▶ AIM OF THE TASK
Reproduce each line below with no alterations.

:: EXERCISE MATERIAL ::

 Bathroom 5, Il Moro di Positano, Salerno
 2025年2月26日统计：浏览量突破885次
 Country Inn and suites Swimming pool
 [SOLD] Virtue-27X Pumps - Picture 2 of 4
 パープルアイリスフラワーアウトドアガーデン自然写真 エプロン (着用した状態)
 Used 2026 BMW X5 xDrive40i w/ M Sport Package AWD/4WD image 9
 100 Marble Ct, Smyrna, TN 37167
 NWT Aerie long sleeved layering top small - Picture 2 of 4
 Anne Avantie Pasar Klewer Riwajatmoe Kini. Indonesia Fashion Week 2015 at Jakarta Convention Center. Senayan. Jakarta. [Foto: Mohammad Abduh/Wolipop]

:::

▶ SOLUTION FOR THIS TASK
 Bathroom 5, Il Moro di Positano, Salerno
 2025年2月26日统计：浏览量突破885次
 Country Inn and suites Swimming pool
 [SOLD] Virtue-27X Pumps - Picture 2 of 4
 パープルアイリスフラワーアウトドアガーデン自然写真 エプロン (着用した状態)
 Used 2026 BMW X5 xDrive40i w/ M Sport Package AWD/4WD image 9
 100 Marble Ct, Smyrna, TN 37167
 NWT Aerie long sleeved layering top small - Picture 2 of 4
 Anne Avantie Pasar Klewer Riwajatmoe Kini. Indonesia Fashion Week 2015 at Jakarta Convention Center. Senayan. Jakarta. [Foto: Mohammad Abduh/Wolipop]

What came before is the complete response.